Bangladeshi nationals had the lowest mean hourly wage of $5.28 and median hourly wage of $5.05.
Philippine nationals had a mean hourly wage of $6.45 and median hourly wage of $5.05 an hour, excluding fringe benefits.
By ethnic group, Caucasians had the highest mean hourly wage of $22.72, and Bangladeshis had the lowest at $5.45.
The hourly mean wage rate by industry excluding fringe was highest in finance and insurance at $13.26, and the lowest in agriculture, forestry, fishing, and hunting.
Press secretary Angel Demapan earlier said that although the Saipan Chamber of Commerce initially released a study last year, the government’s “comprehensive report encompasses a broader population base and focused not only on the prevailing wage but also on the workforce assessment that should be released by end of this month.”
Douglas Brennan, president of the Saipan Chamber of Commerce, said yesterday that the Chamber “applauds the CNMI for concluding their own prevailing wage rates” for those petitioning U.S. Citizenship and Immigration Services for H-1B visas through the U.S. Department of Labor’s Office of Foreign Labor Certification.
“Having our two survey summary reports available to CNMI employers should more than suffice for the next two years, or until another survey, with more finite data, is involved in processing visa applications,” Brennan told Saipan Tribune.
He also said the Chamber “hopes an employer dependent upon the CNMI survey petitioning for an H-1B visa finds success. SCC was relieved when our work began being accepted as a basis for prevailing wage determinations.”
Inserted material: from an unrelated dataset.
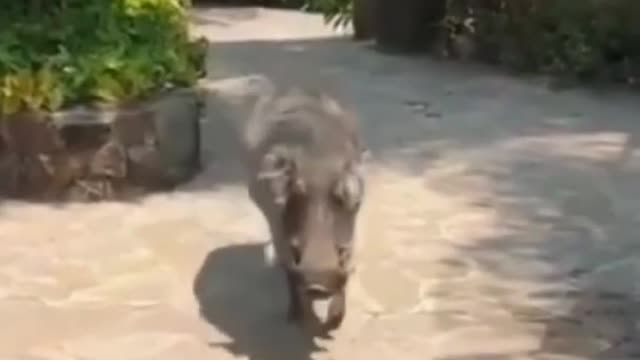 funny animals video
These statistics aim to fulfill the requirement of U.S. Public Law 110-229 or the Consolidated Natural Resources Act of 2008, the law that placed CNMI immigration under federal control. It requires CNMI employers seeking to hire new employees from outside the CNMI to pay a wage rate equal to or above the average hourly wage rate for the particular occupation the employer is seeking to fill.
Prior to that, average hourly wage rates did not exist for all occupations in the CNMI so employers had to use wage rates from Guam, Hawaii, and other U.S. jurisdictions. This was not favorable to the CNMI, whose economy has lower wage rates.
Government enumerators visited a total of 1,806 businesses, autonomous agencies, private schools, and other organizations. Of those visited, 1,486 responded and 1,201 reported employee data to the PWWAS.
At the time of the survey, there were 2,908 establishments with 21,399 employees.
Of these establishments, 59 percent or 1,705 had between one and four employees; 12 percent or 360 had between five and nine employees; 12 percent or 333 had between 10 and 49 employees; and less than 2 percent or 45 had 50 or more employees.